---- Exercise materials

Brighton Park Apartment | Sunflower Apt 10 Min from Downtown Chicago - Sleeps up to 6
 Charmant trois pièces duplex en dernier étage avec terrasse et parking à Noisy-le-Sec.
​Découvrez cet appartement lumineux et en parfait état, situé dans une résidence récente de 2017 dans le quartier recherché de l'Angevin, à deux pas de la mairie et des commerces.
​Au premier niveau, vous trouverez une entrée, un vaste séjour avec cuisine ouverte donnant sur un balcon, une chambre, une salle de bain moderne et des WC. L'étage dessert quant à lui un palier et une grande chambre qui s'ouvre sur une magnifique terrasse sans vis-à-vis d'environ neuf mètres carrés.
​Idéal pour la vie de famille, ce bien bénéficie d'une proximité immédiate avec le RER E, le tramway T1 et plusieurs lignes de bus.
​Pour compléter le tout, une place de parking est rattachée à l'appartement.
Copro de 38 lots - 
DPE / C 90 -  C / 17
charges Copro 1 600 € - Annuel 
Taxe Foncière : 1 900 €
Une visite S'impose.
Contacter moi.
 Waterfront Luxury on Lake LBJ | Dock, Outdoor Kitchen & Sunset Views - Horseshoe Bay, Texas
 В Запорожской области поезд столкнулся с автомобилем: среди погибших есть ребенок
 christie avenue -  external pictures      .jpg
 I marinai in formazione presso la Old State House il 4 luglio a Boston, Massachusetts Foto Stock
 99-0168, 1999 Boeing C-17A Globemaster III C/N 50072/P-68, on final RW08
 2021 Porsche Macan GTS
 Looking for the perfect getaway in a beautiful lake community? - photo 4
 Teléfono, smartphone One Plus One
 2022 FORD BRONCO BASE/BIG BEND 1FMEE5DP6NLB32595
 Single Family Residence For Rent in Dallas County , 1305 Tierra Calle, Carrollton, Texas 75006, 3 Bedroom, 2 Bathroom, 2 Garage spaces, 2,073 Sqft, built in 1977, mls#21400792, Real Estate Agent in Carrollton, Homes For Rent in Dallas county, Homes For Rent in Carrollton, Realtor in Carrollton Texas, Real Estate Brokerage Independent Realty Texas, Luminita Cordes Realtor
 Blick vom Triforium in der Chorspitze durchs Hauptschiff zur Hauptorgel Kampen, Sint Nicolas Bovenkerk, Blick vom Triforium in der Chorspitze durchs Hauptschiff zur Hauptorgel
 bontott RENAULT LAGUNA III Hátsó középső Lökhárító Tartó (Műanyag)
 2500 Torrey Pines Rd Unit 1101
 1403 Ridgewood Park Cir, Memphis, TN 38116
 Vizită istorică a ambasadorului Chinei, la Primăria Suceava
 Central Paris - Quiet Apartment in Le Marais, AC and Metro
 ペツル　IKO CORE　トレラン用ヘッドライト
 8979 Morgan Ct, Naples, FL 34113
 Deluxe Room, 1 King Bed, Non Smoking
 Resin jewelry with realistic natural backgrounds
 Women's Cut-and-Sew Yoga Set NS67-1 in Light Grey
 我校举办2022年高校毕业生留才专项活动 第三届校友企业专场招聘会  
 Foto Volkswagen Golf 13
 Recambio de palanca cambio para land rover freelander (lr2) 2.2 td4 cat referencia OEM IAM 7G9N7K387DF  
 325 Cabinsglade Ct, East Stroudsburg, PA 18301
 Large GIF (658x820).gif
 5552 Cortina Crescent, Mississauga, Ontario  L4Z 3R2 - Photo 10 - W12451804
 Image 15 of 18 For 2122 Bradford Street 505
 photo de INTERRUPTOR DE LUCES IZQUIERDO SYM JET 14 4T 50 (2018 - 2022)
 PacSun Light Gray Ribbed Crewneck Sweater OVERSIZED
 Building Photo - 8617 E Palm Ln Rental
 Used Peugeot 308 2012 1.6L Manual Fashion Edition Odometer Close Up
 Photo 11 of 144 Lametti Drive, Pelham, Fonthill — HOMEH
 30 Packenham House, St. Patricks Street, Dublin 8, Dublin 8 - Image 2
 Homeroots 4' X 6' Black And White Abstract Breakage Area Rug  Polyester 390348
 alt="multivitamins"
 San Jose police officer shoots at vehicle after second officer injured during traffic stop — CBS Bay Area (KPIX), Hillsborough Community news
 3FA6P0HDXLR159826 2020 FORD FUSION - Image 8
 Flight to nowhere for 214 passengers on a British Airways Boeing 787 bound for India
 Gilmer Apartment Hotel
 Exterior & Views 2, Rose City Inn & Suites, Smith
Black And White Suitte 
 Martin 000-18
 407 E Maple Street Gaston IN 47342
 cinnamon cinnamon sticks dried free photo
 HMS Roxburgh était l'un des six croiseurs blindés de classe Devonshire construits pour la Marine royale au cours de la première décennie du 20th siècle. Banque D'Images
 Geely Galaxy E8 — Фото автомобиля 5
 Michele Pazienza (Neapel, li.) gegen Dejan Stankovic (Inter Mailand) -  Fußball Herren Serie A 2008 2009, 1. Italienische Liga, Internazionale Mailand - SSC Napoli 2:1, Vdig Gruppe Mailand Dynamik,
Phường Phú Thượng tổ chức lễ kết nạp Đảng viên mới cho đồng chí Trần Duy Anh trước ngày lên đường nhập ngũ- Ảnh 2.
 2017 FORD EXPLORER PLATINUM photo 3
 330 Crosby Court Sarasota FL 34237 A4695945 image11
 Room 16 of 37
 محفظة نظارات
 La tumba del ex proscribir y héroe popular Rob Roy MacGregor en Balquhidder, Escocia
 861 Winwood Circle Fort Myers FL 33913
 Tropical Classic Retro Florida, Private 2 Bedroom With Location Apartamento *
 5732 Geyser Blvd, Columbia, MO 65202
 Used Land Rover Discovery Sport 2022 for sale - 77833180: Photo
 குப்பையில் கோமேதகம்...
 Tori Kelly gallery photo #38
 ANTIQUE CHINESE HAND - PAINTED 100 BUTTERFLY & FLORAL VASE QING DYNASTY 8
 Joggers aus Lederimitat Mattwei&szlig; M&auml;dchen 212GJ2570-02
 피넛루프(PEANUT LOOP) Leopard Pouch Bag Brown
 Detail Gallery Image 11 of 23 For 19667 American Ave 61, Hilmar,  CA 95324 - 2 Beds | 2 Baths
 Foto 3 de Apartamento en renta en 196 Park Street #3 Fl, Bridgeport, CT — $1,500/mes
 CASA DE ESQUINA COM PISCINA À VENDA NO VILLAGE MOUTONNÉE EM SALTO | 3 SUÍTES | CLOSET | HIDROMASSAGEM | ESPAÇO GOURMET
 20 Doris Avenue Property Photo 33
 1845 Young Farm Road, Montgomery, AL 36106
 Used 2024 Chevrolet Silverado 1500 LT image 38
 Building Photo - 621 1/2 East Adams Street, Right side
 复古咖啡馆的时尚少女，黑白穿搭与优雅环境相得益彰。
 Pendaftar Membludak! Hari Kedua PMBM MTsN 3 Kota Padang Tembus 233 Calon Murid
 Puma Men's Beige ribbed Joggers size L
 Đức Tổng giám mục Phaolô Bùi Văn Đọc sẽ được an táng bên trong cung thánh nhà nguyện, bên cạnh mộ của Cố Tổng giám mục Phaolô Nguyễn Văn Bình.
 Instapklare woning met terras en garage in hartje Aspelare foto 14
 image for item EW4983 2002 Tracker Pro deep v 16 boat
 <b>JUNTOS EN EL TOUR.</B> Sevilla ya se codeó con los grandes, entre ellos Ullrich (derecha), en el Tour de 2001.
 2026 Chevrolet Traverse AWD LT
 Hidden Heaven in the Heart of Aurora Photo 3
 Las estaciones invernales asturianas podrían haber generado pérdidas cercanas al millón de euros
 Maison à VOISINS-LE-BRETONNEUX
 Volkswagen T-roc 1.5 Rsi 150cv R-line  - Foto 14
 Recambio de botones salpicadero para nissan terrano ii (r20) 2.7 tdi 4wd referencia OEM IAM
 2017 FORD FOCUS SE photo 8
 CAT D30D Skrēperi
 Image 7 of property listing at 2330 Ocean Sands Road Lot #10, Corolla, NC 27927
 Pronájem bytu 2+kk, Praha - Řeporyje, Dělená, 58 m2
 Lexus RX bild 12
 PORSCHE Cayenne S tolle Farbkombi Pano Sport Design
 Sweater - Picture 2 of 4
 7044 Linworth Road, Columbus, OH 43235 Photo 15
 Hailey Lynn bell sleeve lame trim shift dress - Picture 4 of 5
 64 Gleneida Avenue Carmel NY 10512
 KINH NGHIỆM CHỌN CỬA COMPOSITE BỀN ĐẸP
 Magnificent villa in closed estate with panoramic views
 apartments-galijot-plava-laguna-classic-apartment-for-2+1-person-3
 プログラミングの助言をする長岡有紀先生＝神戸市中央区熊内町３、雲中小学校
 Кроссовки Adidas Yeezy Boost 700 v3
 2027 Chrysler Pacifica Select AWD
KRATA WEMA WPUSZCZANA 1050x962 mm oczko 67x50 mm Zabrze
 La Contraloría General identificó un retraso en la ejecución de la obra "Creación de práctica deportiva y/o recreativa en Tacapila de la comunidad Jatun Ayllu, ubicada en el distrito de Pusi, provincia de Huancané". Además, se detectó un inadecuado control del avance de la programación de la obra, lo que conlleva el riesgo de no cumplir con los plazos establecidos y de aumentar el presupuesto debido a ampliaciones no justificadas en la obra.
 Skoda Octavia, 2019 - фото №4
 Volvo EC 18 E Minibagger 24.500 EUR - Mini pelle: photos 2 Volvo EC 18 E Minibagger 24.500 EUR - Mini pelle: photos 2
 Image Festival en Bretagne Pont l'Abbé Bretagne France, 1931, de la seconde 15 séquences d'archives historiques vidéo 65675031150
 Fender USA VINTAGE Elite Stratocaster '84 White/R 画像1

--------

How many lines in this listing contain "Street"? Give that number and stop.

5